# Going to CPE Nationals



## Carolinek (Apr 2, 2014)

Gracie qualified for CPE Nationals, I wasn’t going to go as I’m concentrating now on double Qs in AKC. The more I thought about though, why not celebrate her success? If it means a few less AKC trials and she gets her MACH a little later, what does it really matter? She’s only three, we’ve got time.

I‘m very good at telling people to enjoy the journey…need to take my own advice, lol!

CPE is such a fun venue too, I’m really looking forward to it. It’s already been a lot of fun preparing, I ordered a special leash with the event embroidered on it, I’m decorating my stall, thinking about ordering trading cards….oh yes, and I’m going to a distance seminar this weekend to hopefully make Jackpot Qs not so elusive!


----------



## Raindrops (Mar 24, 2019)

Wow that's so awesome! I think it will be a great experience and can't wait to hear about it.

Misha's almost 3 and still hasn't had his first Q yet. But he did sooo well the last trial and I'm hopeful for the one this weekend.

Be sure to update us!


----------



## Liz (Oct 2, 2010)

Congratulations! You'll have to update us in late May before you head off. Enjoy the seminar this weekend!


----------



## lily cd re (Jul 23, 2012)

Congratulations on that wonderful accomplishment.


----------



## PeggyTheParti (Sep 5, 2019)

Congratulations! And sounds like you’re already having so much fun.


----------



## 94Magna_Tom (Feb 23, 2021)

Congratulations and glad you took your advice! Enjoy!


----------



## Skylar (Jul 29, 2016)

Impressive achievement and a huge congratulations.


----------



## MaizieFrosty (Apr 12, 2019)

Congrats!! This is amazing. Seems like only yesterday Gracie was a baby pup!


----------



## PowersPup (Aug 28, 2020)

Congratulations! Have fun!!


----------



## Asta's Mom (Aug 20, 2014)

Much fun ahead Enjoy


----------



## Sroodle8 (Dec 23, 2021)

So exciting! Good luck and have fun at Nationals. I've never done a CPE event, but I've heard they are fun.


----------



## TeamHellhound (Feb 5, 2021)

Congratulations!


----------



## Carolinek (Apr 2, 2014)

Raindrops said:


> Wow that's so awesome! I think it will be a great experience and can't wait to hear about it.
> 
> Misha's almost 3 and still hasn't had his first Q yet. But he did sooo well the last trial and I'm hopeful for the one this weekend.
> 
> Be sure to update us!


It was only a year or so ago that Gracie was regularly zooming around the course and visiting the ring crew! Then when she decided running the course with me was more fun, we were still dealing with teeter fly-offs!

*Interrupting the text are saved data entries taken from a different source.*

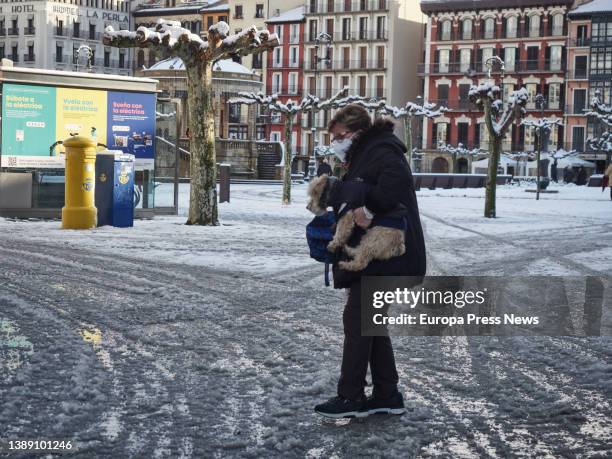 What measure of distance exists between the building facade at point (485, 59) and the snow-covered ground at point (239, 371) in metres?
67.1

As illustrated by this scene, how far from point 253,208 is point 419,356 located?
1842cm

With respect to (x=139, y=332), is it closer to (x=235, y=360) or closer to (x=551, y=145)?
(x=235, y=360)

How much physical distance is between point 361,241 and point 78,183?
12142 mm

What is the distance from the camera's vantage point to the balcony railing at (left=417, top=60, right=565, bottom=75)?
7694 centimetres

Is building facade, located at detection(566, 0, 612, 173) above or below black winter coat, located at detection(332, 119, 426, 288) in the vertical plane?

It completely Clicked about 8 months ago, and it seemed like overnight she became very driven. Agility is now it’s own reward. I have heard that girls tend to mature sooner, of course maybe that’s us humans generalizing from our own species!

I‘m going to say it…enjoy the journey ….and I’ll do my best on that end too!


----------



## Carolinek (Apr 2, 2014)

Liz said:


> Congratulations! You'll have to update us in late May before you head off. Enjoy the seminar this weekend!

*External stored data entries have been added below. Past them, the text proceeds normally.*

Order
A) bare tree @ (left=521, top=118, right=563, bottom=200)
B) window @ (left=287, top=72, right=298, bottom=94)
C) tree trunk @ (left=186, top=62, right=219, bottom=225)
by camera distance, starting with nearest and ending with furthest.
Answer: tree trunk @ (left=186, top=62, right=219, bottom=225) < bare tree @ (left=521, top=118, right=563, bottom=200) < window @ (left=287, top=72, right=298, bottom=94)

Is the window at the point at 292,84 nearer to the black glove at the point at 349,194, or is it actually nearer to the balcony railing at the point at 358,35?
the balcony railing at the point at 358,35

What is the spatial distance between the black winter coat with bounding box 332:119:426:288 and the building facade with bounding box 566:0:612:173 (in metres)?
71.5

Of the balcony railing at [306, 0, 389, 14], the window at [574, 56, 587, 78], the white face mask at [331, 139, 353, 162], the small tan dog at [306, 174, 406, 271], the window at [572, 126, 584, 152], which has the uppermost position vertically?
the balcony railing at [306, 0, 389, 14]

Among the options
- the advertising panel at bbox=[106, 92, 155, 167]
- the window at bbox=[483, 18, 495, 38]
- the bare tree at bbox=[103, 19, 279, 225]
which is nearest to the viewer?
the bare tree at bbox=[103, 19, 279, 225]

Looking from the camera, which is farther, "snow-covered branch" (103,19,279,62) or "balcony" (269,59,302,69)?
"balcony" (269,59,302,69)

Thanks- seminar cancelled though. We’re getting 9-14 inches of snow. Guess distance will remain elusive for now!


----------



## Carolinek (Apr 2, 2014)

MaizieFrosty said:


> Congrats!! This is amazing. Seems like only yesterday Gracie was a baby pup!


I know I can’t believe she’s three. I’m still amazed when she acts like an adult dog, and then she does something to remind me that she is only three!


----------



## Carolinek (Apr 2, 2014)

Thanks all, I’ll update as we get closer!


----------



## Liz (Oct 2, 2010)

Carolinek said:


> Thanks- seminar cancelled though. We’re getting 9-14 inches of snow. Guess distance will remain elusive for now!


Sorry to hear that. Have they rescheduled?


----------



## cowpony (Dec 30, 2009)

Congrats!


----------



## Carolinek (Apr 2, 2014)

There are plans to, hopefully we can go!


----------



## Carolinek (Apr 2, 2014)

Thanks Cowpony!


----------